__Task__.
In the listing below, locate the line with "2013 HYUNDAI ELANTRA — DIRF" and the line with "LEGO 70167 Invizable — ucieczka ze złotem", then output both and everything between them exactly, minus any pictures.

__Input__.
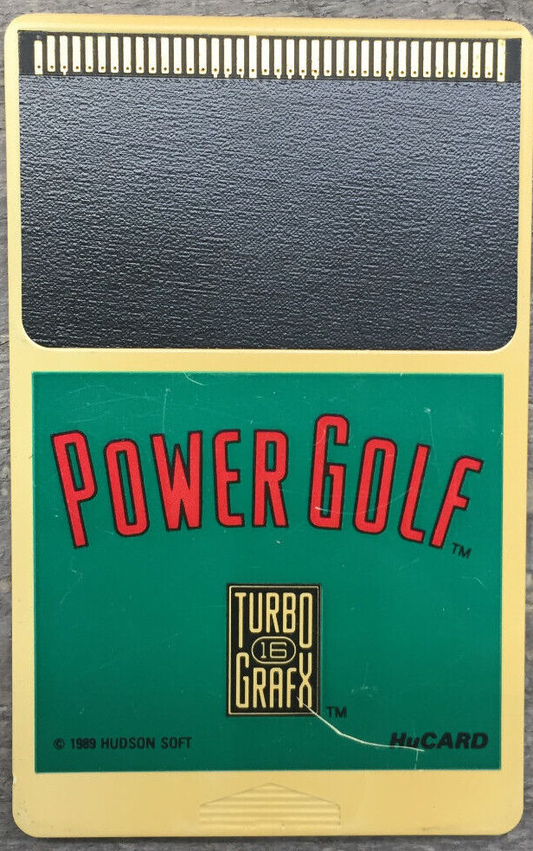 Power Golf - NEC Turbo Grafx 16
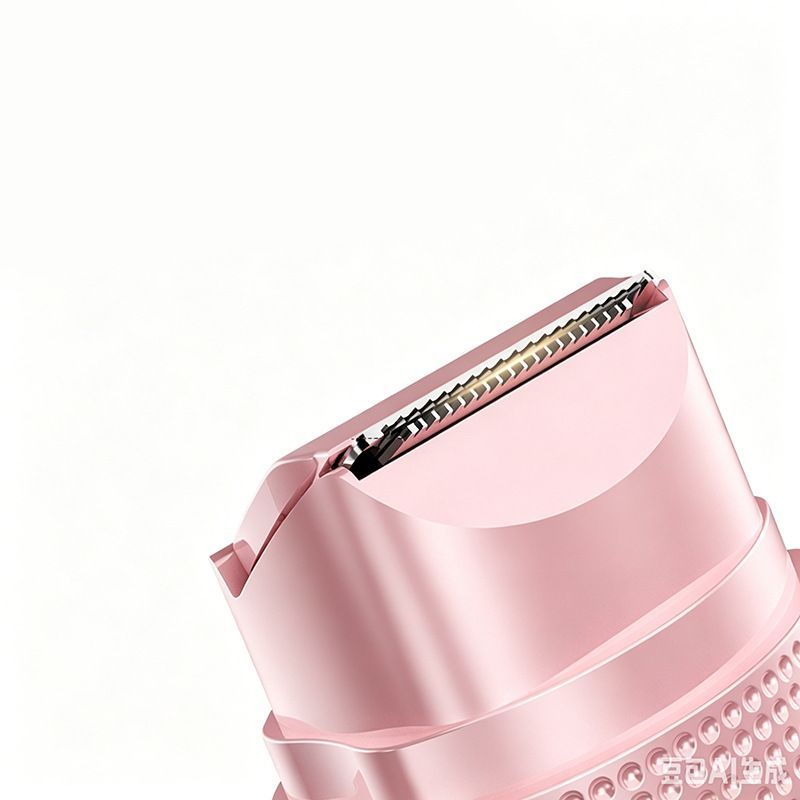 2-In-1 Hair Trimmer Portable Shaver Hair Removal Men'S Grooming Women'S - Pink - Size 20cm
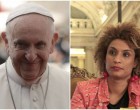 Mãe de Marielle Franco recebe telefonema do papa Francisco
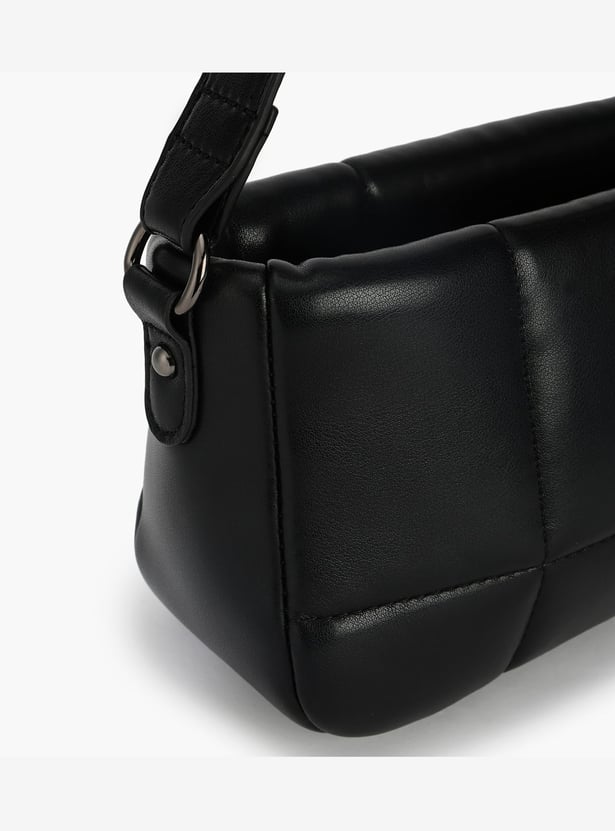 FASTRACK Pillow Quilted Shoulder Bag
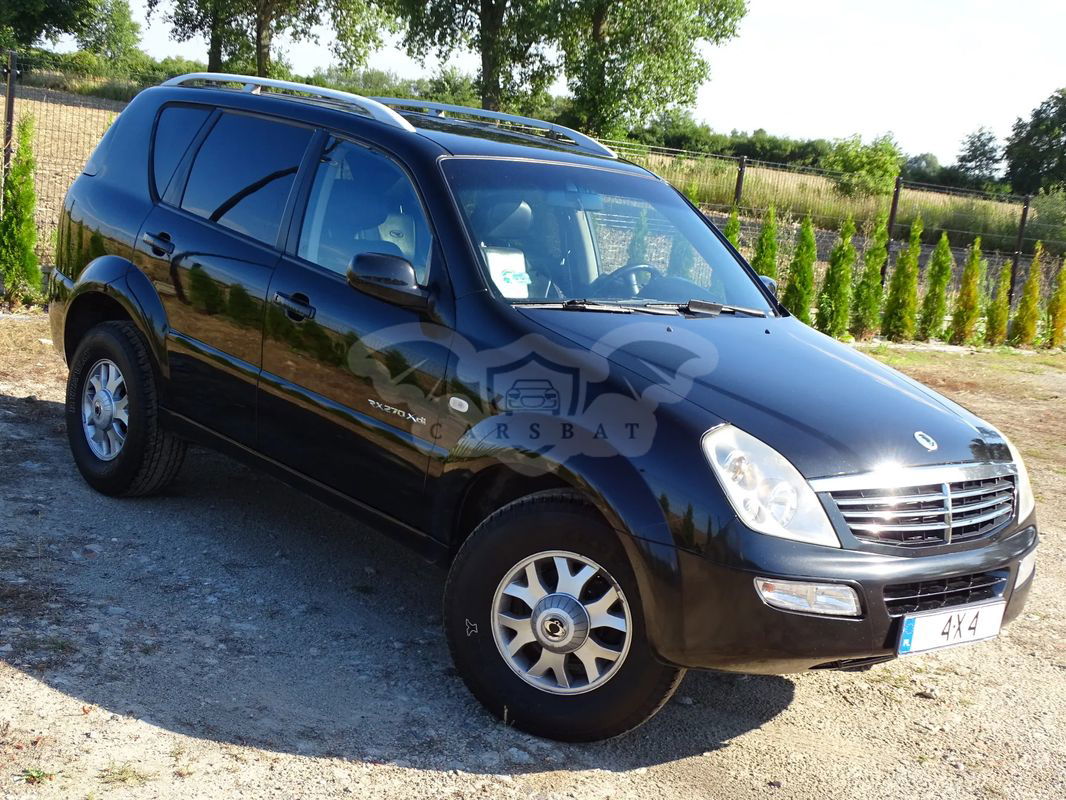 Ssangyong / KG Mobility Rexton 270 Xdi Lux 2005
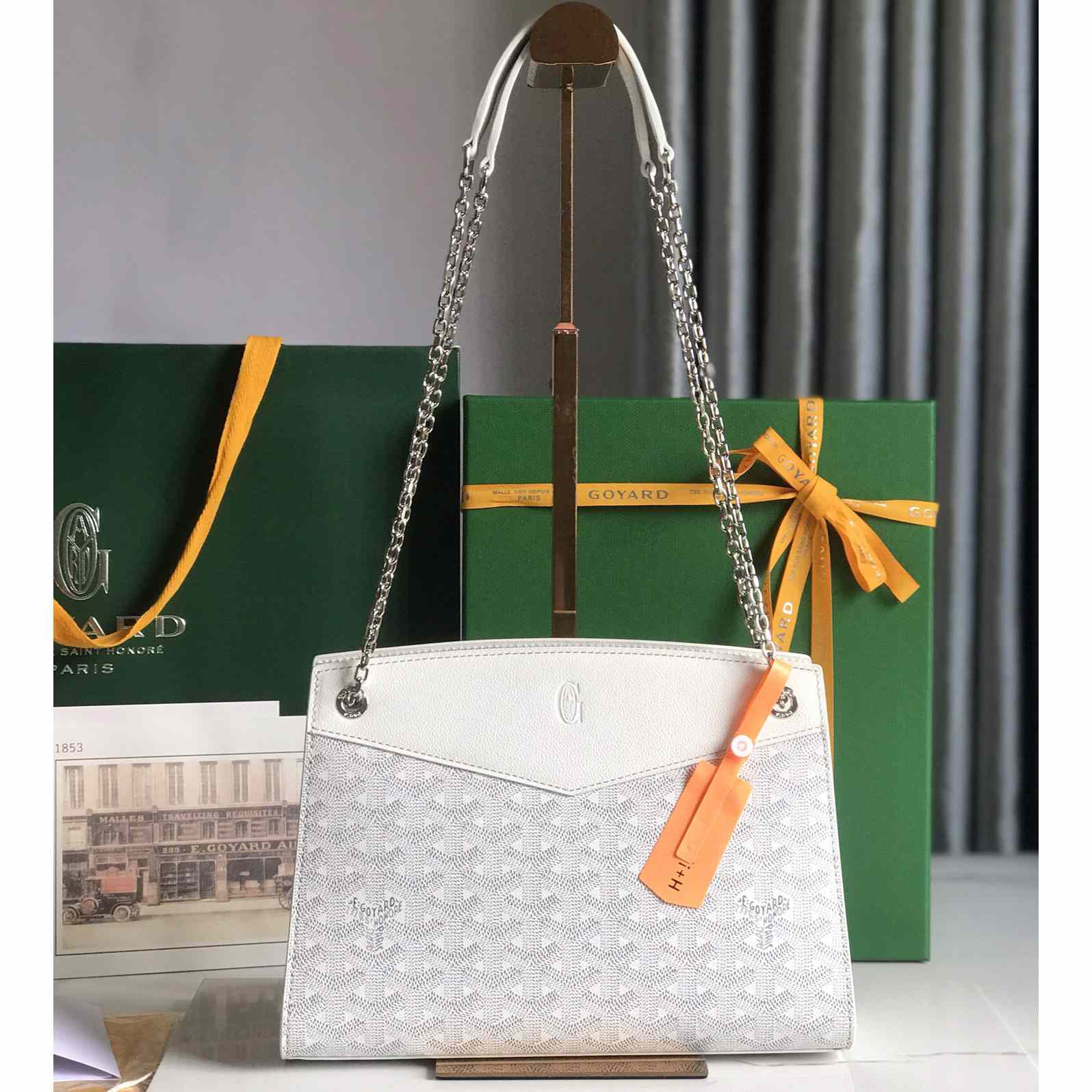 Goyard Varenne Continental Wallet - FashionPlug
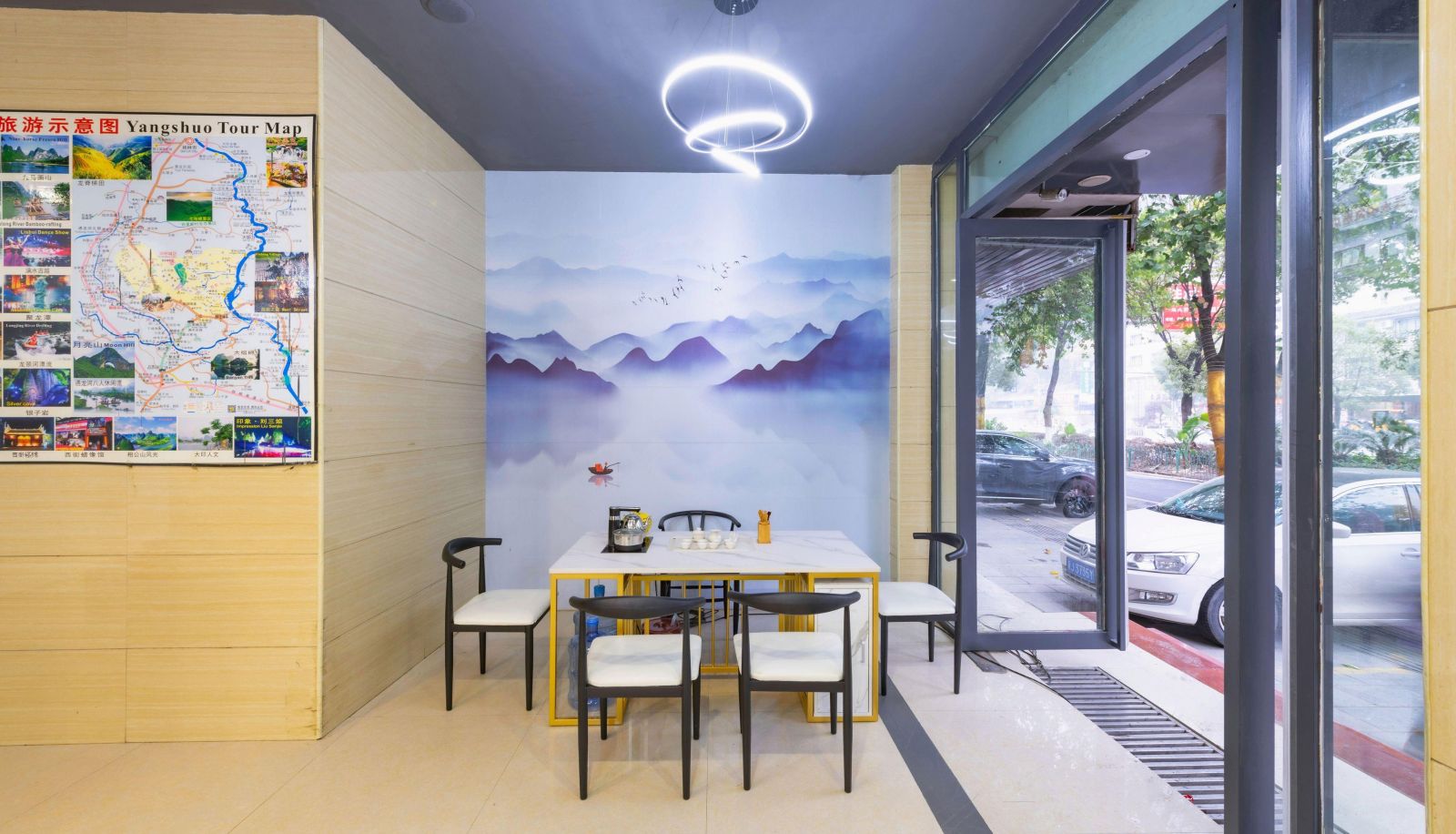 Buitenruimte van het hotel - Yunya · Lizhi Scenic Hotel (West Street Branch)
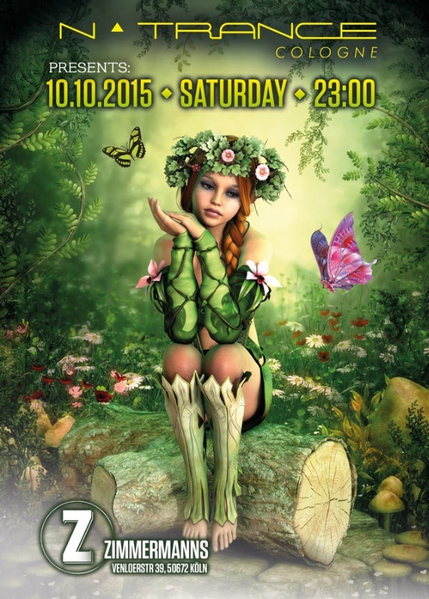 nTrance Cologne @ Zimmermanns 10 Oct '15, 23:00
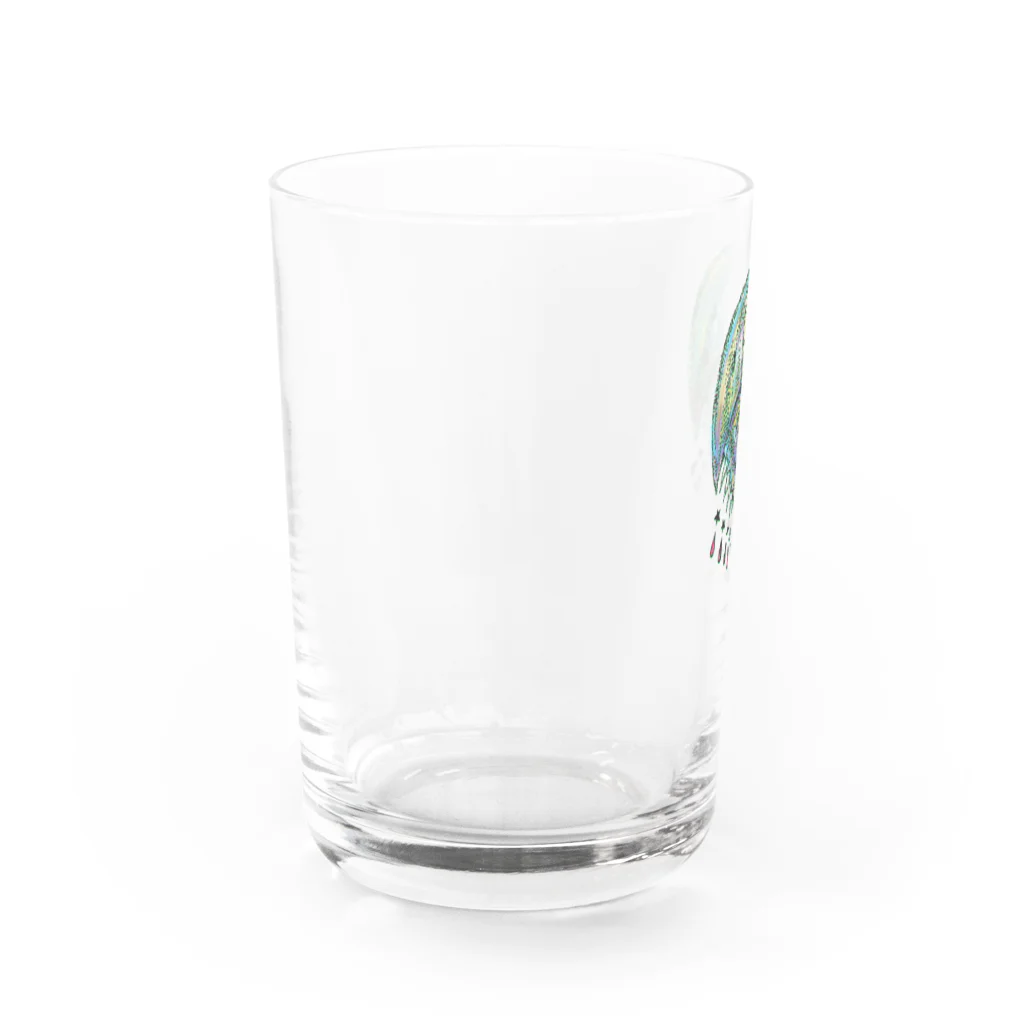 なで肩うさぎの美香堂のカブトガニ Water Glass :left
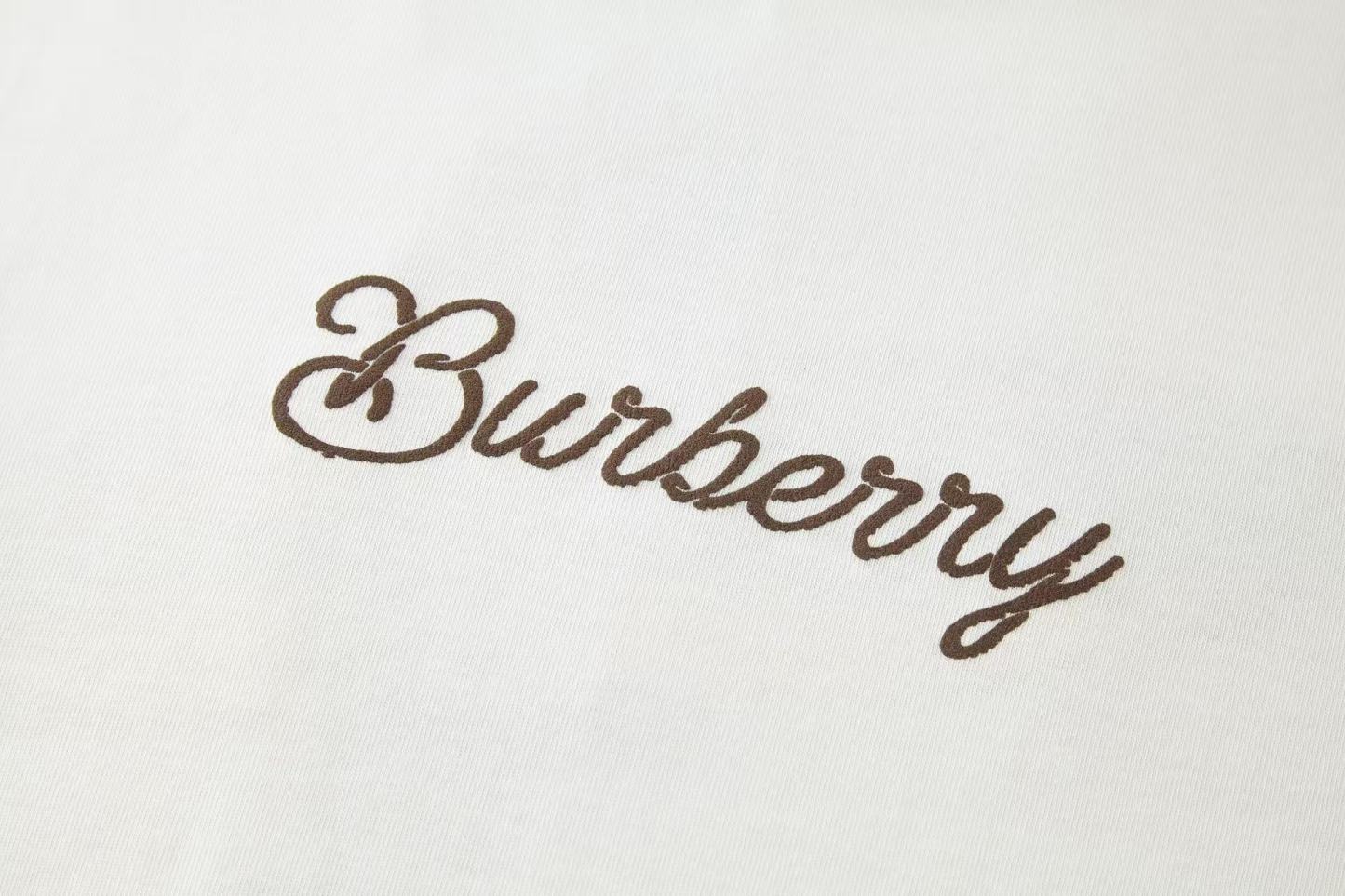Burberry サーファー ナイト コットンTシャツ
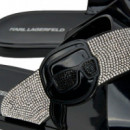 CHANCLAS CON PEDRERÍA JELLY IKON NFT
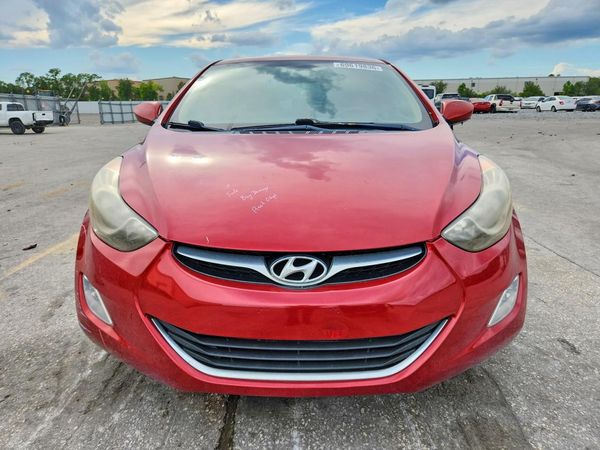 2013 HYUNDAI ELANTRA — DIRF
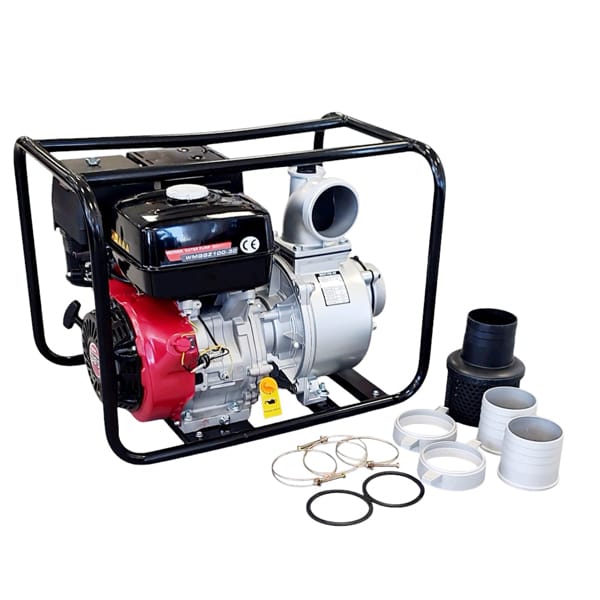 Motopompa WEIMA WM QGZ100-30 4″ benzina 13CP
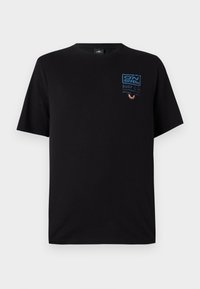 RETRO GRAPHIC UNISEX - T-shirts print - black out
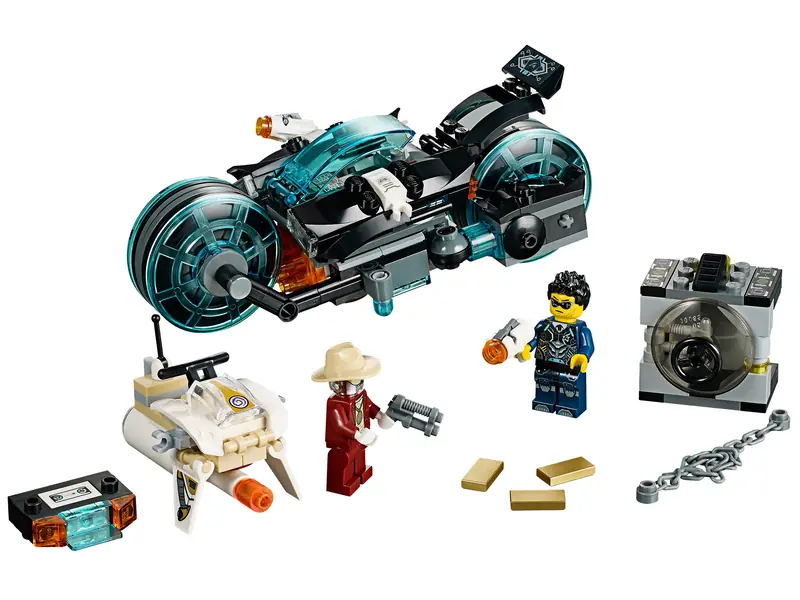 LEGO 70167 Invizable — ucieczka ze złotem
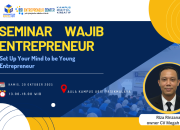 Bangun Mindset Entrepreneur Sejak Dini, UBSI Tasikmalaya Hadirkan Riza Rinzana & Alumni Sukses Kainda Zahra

__Written solution__.
 2013 HYUNDAI ELANTRA — DIRF
 Motopompa WEIMA WM QGZ100-30 4″ benzina 13CP
 RETRO GRAPHIC UNISEX - T-shirts print - black out
 LEGO 70167 Invizable — ucieczka ze złotem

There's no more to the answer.